The study, however, has limitations. As recommended for informing health-care priorities,21 the study relied on preferences of nationally representative samples of the general public. However, only about 35% of participants had heard about GS prior to completing the surveys. Thus, societal preferences are likely to be less informed and different from the preferences of people who currently experience a diagnostic odyssey or seek clinical GS. Further research directly comparing population and patient preferences in this context would be beneficial. There is also a growing body of evidence identifying notable differences between description-based and experienced-based choices.33 These differences are driven by the psychological decision processes that individuals adopt when they make choices under conditions that involve risk. More research is needed to explore psychological processes under risk in discrete choice analyses, which could further enhance the external validity of stated preference methods. To ensure the external validity of our findings, we developed our surveys with support from community representatives who had lived experience of genetic conditions, professionals specializing in clinical genomics, and a plain language advisor. DCEs have been shown to have reasonable external validity,34 and similar to the study by Regier et al.,26 our study offered reasonably close predictions compared with the very limited available evidence. As the evidence base becomes more established, we will be able to better understand the value of GS, the factors that determine its uptake across clinical contexts, and the transferability of our study findings beyond the Australian context.

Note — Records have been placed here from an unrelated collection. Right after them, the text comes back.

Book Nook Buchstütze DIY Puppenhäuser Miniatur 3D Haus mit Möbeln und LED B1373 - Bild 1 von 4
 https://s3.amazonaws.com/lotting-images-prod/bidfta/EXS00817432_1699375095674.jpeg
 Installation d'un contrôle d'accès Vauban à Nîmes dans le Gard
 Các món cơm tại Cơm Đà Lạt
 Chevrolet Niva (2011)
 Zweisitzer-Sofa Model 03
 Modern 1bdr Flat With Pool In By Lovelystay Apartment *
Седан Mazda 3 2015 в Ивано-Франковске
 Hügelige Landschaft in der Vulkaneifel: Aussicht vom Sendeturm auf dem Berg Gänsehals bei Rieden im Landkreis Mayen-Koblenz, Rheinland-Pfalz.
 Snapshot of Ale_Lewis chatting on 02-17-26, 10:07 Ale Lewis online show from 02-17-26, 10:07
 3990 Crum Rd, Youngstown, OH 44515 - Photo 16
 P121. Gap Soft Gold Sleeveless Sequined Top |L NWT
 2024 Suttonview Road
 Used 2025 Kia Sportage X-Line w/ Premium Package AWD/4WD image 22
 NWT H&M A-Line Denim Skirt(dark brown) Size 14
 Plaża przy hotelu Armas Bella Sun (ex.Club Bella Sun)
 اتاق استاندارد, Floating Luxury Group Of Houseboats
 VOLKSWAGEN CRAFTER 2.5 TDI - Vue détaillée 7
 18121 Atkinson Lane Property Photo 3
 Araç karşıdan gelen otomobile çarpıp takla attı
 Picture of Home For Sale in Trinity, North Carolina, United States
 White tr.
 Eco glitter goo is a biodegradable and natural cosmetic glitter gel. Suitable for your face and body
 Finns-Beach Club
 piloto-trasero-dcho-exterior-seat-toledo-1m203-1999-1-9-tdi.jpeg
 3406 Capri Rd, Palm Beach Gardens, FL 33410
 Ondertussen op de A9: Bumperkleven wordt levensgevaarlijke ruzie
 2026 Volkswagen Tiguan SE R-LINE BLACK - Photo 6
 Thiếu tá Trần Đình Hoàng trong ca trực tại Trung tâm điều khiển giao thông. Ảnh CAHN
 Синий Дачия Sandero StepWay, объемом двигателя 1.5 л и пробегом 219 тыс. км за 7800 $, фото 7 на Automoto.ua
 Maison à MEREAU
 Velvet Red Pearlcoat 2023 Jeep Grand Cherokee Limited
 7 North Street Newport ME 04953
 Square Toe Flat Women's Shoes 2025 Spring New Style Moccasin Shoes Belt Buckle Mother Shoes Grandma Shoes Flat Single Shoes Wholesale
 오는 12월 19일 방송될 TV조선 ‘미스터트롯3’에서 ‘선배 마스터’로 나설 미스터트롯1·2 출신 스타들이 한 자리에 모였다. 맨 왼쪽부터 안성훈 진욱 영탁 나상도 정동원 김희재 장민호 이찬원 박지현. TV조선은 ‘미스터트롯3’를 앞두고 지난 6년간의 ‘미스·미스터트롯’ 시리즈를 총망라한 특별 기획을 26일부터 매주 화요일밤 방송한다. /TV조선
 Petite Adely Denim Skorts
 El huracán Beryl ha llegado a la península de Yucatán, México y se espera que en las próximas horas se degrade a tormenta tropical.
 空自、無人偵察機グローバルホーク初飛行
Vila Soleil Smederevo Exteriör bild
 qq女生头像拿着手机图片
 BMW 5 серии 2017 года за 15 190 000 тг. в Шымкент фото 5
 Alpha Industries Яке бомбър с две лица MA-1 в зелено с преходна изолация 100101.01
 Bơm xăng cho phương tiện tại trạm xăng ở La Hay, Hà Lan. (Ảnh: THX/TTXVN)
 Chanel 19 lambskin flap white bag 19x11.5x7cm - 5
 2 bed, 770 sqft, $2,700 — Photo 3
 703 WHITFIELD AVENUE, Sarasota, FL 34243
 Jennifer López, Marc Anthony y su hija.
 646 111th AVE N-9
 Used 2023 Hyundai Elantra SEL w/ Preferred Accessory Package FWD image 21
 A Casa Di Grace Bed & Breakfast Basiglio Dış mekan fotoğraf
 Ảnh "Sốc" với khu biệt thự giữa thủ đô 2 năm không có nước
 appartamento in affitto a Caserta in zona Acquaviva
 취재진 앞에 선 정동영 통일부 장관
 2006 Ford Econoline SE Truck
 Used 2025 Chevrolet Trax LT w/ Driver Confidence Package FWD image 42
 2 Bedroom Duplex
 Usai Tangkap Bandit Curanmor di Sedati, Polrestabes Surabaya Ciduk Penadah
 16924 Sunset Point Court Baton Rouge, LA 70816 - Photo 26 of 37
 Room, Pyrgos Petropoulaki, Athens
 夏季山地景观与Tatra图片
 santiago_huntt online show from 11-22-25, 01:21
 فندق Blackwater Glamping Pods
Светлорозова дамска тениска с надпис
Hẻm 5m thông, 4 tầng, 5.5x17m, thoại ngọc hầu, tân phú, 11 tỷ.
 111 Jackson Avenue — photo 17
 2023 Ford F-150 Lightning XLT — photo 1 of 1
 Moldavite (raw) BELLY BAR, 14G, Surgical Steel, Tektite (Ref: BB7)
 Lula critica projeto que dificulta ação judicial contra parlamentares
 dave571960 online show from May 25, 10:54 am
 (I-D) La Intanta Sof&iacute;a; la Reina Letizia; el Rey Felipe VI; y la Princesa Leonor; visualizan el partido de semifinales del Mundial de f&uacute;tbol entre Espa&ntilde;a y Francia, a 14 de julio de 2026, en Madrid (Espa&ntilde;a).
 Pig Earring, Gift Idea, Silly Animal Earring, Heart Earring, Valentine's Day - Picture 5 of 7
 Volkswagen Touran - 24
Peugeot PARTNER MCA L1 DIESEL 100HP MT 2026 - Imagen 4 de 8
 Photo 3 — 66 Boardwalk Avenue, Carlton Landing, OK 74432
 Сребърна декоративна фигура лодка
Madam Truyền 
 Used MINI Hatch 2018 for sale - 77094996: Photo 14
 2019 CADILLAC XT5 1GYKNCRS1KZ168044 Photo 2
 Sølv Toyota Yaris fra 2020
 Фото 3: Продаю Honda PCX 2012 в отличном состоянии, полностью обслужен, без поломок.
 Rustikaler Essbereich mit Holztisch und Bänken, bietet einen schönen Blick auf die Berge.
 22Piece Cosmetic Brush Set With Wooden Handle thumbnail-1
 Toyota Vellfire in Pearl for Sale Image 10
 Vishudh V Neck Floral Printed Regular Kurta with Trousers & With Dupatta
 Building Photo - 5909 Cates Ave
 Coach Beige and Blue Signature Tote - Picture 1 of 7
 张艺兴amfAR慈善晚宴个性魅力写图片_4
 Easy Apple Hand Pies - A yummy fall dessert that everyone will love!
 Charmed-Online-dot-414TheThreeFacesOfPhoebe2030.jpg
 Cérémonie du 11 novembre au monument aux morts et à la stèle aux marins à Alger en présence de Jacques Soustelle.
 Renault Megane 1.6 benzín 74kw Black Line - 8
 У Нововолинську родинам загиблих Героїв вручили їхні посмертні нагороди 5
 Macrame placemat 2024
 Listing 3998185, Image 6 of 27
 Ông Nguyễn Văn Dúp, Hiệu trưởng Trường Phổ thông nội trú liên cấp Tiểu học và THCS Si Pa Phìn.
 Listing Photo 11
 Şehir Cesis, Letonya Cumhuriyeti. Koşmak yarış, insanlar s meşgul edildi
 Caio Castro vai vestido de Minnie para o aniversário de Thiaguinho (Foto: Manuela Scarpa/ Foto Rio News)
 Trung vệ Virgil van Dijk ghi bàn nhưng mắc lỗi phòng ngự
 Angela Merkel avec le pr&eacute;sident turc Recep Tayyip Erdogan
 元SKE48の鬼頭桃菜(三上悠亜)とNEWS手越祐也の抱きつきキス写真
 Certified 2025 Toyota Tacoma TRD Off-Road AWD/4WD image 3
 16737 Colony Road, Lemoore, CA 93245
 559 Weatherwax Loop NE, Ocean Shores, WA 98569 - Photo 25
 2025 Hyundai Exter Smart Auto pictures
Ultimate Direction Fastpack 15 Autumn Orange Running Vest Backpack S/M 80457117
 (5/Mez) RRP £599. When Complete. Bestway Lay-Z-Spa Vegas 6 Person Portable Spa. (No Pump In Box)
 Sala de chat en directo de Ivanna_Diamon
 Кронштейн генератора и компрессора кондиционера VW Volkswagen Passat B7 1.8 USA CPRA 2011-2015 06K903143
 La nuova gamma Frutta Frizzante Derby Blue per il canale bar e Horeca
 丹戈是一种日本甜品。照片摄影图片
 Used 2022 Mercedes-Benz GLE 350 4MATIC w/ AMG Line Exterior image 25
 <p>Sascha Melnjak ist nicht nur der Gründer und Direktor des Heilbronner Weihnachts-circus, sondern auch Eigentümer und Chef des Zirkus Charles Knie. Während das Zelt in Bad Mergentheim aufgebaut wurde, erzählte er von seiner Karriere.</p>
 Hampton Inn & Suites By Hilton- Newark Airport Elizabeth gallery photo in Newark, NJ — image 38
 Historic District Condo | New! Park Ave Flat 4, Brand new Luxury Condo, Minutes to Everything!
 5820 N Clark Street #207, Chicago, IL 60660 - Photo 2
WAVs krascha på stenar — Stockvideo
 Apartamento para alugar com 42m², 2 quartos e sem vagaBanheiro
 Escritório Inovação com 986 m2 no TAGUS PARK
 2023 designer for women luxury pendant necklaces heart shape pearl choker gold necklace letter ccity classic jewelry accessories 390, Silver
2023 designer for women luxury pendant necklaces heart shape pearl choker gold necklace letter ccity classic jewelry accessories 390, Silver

Our study provided empirical evidence for the personal utility and uptake of GS in pediatric and adult-onset genetic conditions and the way these are influenced by different risk–benefit tradeoffs and individuals’ socioeconomic and attitudinal characteristics. This evidence provides useful insights for the implementation of genomics into clinical care and enables the inclusion of personal utility in cost–benefit analyses for informing health-care priorities. Our findings demonstrate that societal preferences for GS are not restricted to treatment availability but expand to benefits in the process of medical care and to the intrinsic value of genomic information. It is pertinent that reimbursement decisions in the context of genomics and beyond reflect societal values and the maximization of personal utility.